This statement relates to shares of the Common Stock ("Common Stock"), the Class
A Cumulative Convertible Preferred Stock ("Class A Stock") and the Class C
Cumulative Convertible Preferred Stock (the "Class C Stock"), all with par value
of $.001 per share, of The Quizno's Corporation, a Colorado corporation (the
"Issuer"). Shares of the Class A Stock and the Class C Stock are currently
convertible into shares of Common Stock on a one-for-one basis. The Issuer
maintains its principal executive offices at 1415 Larimer Street, Denver,
Colorado 80202. On June 23, 1999, the Reporting Persons made an amended proposal
to acquire all of the outstanding shares of the Common Stock of the Issuer not
currently owned by the Reporting Persons or an affiliated group for cash at a
specific price of $8.00 per share (the "Proposal"). The Proposal is conditioned
upon the execution of a definitive acquisition agreement containing such
mutually agreeable terms and conditions as are customary, including but not
limited to customary representations, warranties, covenants and conditions.
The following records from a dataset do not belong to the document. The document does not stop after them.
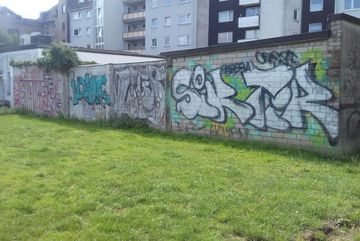 Der Breuerpark wird Richtung Süden von einer Mauer begrenzt.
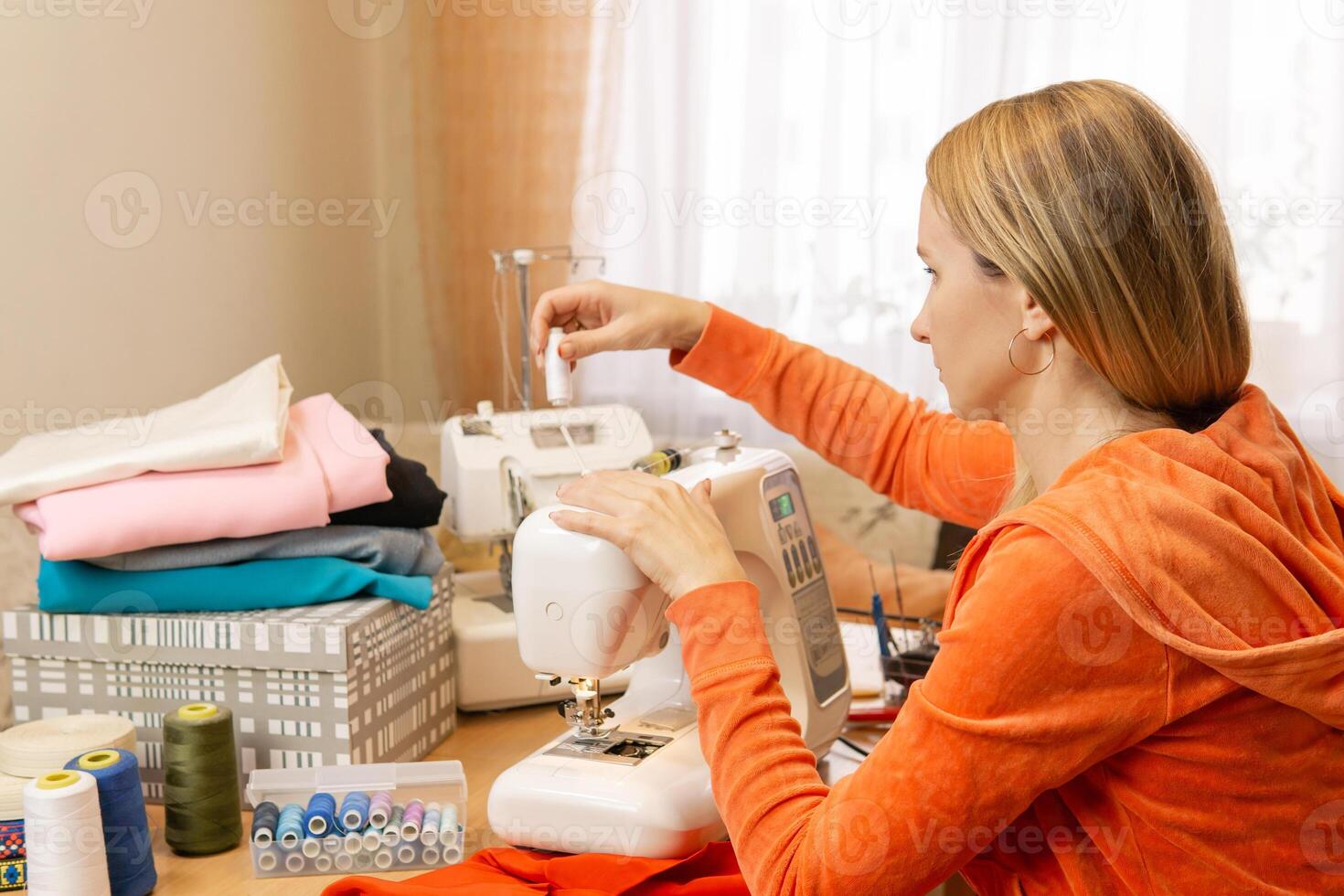 seamstress equips spool of thread on a home sewing machine photo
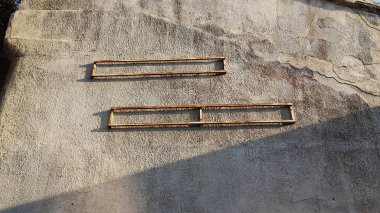 Eski binanın engebeli duvarında köşegen gölgesi olan paslı metal dikdörtgen çerçeveler. Endüstriyel mimari. Kahverengi gri tonlarında soyut bir arkaplan. Soyut arkaplan. Işık ve gölgeler. Gölge desenleri. Alışılmadık arkaplan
It
is also subject to, among other things, (1) the approval of the transaction by
the Special Committee of the Issuer's Board of Directors, the Issuer's Board of
Directors and the stockholders of the Issuer, (2) receipt of satisfactory
financing for the transaction, (3) receipt of a fairness opinion or an appraisal
of the fair value of the shares of Common Stock by the Special Committee that
indicates that the price payable to the stockholders is fair value to the
stockholders of the Company, and (4) the receipt of all necessary regulatory
approvals. A copy of the Proposal is attached to this Amendment No. 3 as Exhibit
A.
Item 2. Identity and Background.
This statement is filed by Richard E. Schaden and Richard F. Schaden,
individually, and as joint Trustees (the "Trustees"), of a Voting Trust
Agreement dated July 14, 1994, as amended (the "Voting Trust") and The Schaden
Acquisition Company, a Colorado corporation ("SAC"), incorporated on March 31,
1999 for the purpose set forth below (the Trustees, the Voting Trust and SAC are
collectively referred to herein as the "Reporting Persons"). The Reporting
Persons are filing this statement jointly, pursuant to the provisions of Rule
13d-l(k)(2) under the Securities Exchange Act of 1934, as members of a group.
SCHEDULE 13D
CUSIP No.749058 10 3
Page 7 of 11 Pages
I. The Voting Trust was established under the laws of the state of Colorado on
July 14, 1994. The addresses of the Trustees are set forth in paragraphs III and
IV to this Item 2 below. During the last five years, the Voting Trust has not
been convicted in any criminal proceeding , and has not been a party to any
civil proceeding of a judicial or administrative body of competent jurisdiction
as a result of which it was or is subject to a judgment, decree, or final order
enjoining future violations of , or prohibiting or mandating activities subject
to, federal or state securities laws or finding any violation with respect to
such laws. A copy of the Voting Trust Agreement is attached as Exhibit A to the
original paper filing of Schedule 13D.
II. SAC was incorporated under the laws of the state of Colorado on March 31,
1999. The address of SAC is 11870 Airport Way, Broomfield, Colorado 80021. SAC
is currently wholly owned by Richard E. and Richard F. Schaden. SAC was
incorporated to engage in the Proposal discussed above, and to enter into a
merger agreement with, and to merge with, the Issuer in order to effect such
Proposal. During the last five years, SAC has not been convicted in any criminal
proceeding, and has not been a party to any civil proceeding of a judicial or
administrative body of competent jurisdiction as a result of which it was or is
subject to a judgment, decree, or final order enjoining future violations of, or
prohibiting or mandating activities subject to, federal or state securities laws
or finding any violation with respect to such laws.
III.
(a) Richard E. Schaden
(b) His business address is 1415 Larimer Street, Denver, Colorado 80202
(c) Mr. Schaden is President, Chief Executive officer and Director of the
Issuer whose address is set forth in response to Item 1 above.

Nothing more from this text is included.